# COLLECTED DATA:

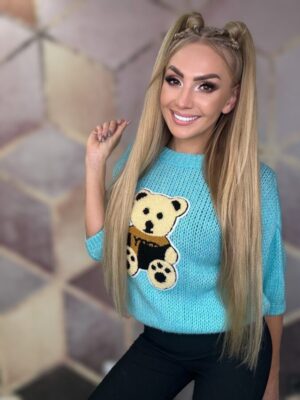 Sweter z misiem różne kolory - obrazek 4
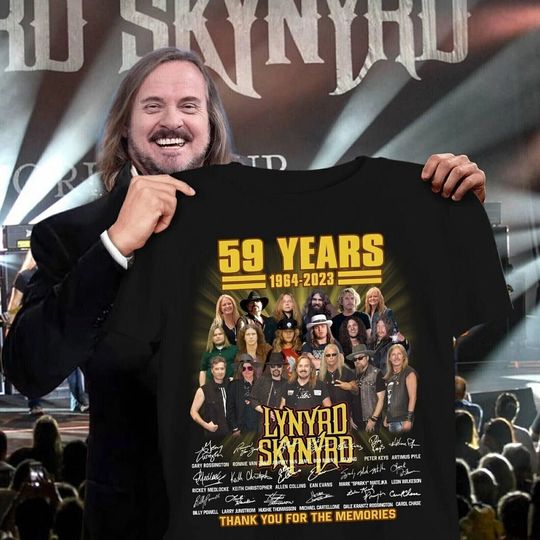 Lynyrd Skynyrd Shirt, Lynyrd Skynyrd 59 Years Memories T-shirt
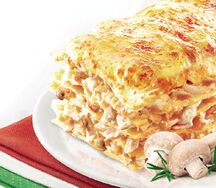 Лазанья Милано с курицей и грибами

# WHAT THIS TASK INVOLVES:
An exact printout of the listing is needed, minus any pictures it contains.

# ANSWER FOR THIS EXERCISE:
 Sweter z misiem różne kolory - obrazek 4
 Lynyrd Skynyrd Shirt, Lynyrd Skynyrd 59 Years Memories T-shirt
 Лазанья Милано с курицей и грибами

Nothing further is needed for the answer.